If any of the above is absurd:

  1. Why is it absurd?
  2. Is it any less absurd than Jimmy Carter’s proposal?

The problem with the R2P model is that it presumes the existence of an absolute viewpoint while simultaneously maintaining that perspectives are relative.  Thus, nobody is “right” in the R2P world so no regime change is allowed, but at the same time some viewpoints were imperative.  “Morality” gave you a license to act in an absolutist fashion, yet morality itself was relative. To maintain otherwise would be racist or culturally triumphalistic.  It was fatally inconsistent. The problems with implementing R2P are the consequence of the inconsistencies in its own logical structure.

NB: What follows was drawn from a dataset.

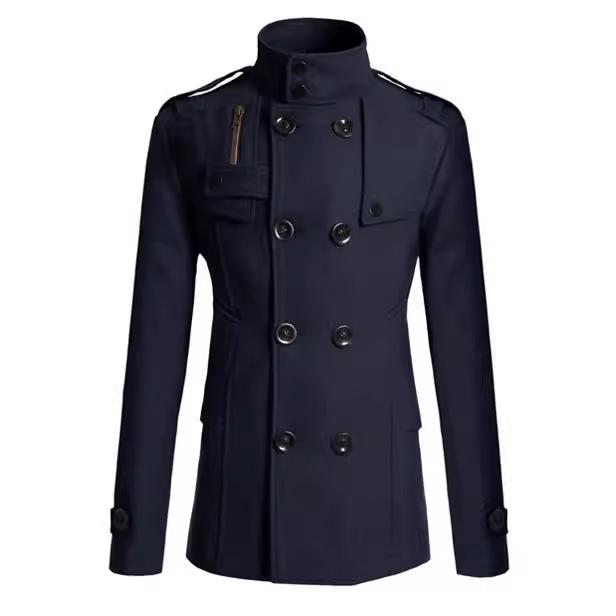 Men's Slim Medium-Length Woolen Coat - New Windbreaker Jacket N3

The worst fault in any database is to be able to get two different answers from the same query. The problem with R2P is that you can get as many answers as you like from the same query.  In the world of sovereign nation states competing perspectives could exist. When they could not be resolved by diplomacy, they were resolved by belligerence.  In the R2P world perspectives could not compete, but one perspective would be chosen anyway. R2P has managed to abolish the notion of “war”, “defeat” or “victory” but only at the cost of creating the same phenomena under different names.

It’s a con. Nothing has changed except that in the old days it required Congress to declare war and the Senate to ratify a treaty. Today any old adviser can start a “kinetic military event” and even Jimmy Carter can pretend to speak from a commanding moral platform.